For our final exhibition, Sleepwalker is hosting Private Viewing, a guest-curated group show. Co-curated by Shaun Dacey and Gabby Moser, Private Viewing calls into question the window’s function and locality. After dark, storefronts are transformed into theatrically lit consumer narratives for people to push their noses up against, without risk of being seen. Mannequins, signage, multi-media display, and props both domestic and industrial, collide in a competition to gain our attention. The commercial strip along Queen St. West becomes a window shopper’s dream: a comfortable space from which to gaze. Strolling along the darkened streets, pedestrians have an excess of solitary space and time among shop windows, intensifying their fantasies.

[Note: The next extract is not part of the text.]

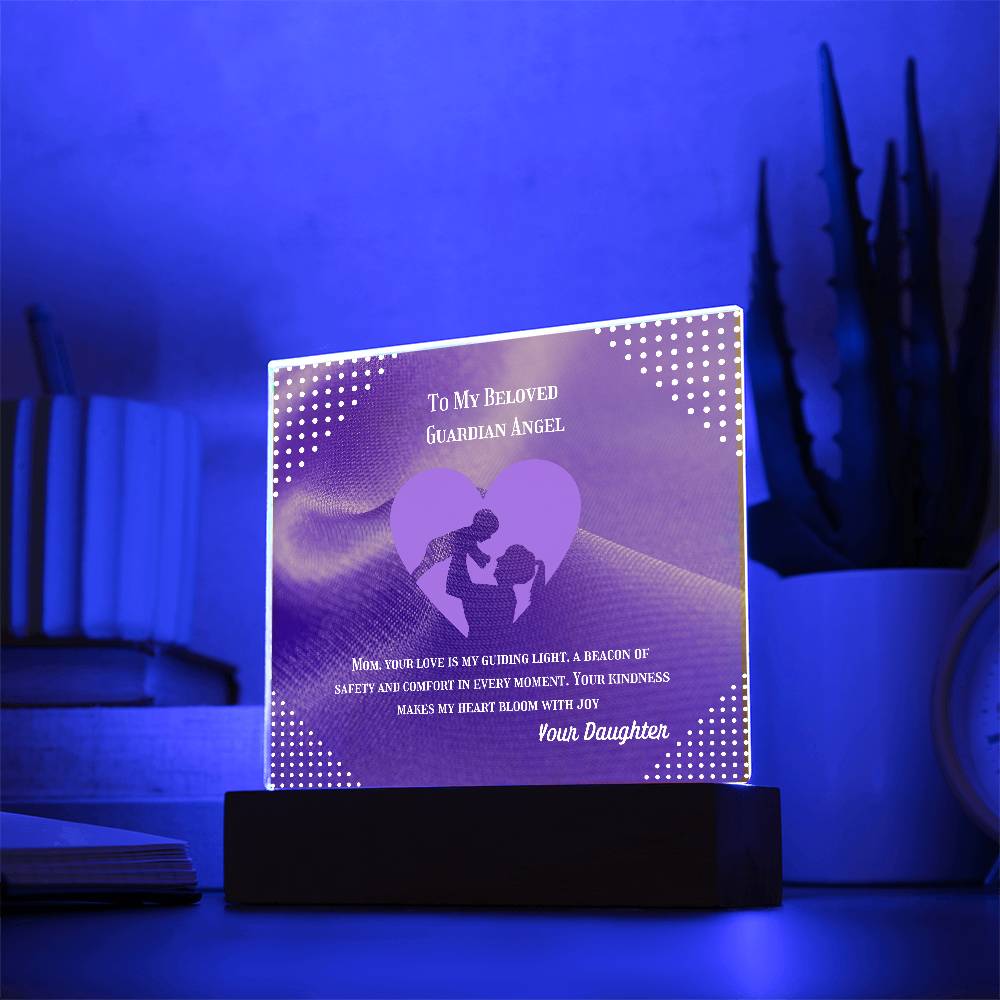 To My Beloved Guardian Angel” Acrylic Plaque, Elegant Printed Square Keepsake, Heartfelt Memorial Gift, Perfect for Remembrance or Tribute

The three artists selected from the open call for submissions address this interaction between passer-by and storefront façade, consumer and consumable. Like picking a scab, Su-Ying Lee’s systematic and repetitive removal of fur from a lambskin jacket explores the private obsessions that overtake us with every characterizing purchase we make. In response, Jennifer Cherniack’s hidden video projections subtly force the viewer to ponder the origins and practices of consumer production through a symbolic image of rural economy. Finally, Alice Wang’s performance plays on the misunderstandings, misconceptions, and confusion we feel when first encountering a store window, sales ploy, or glossy catalogue. As a group these works explore the complexities of how commoditized lifestyles and fantasies are sold to us, and address the moment when viewer becomes participant, and pedestrian complicit in the window front narrative.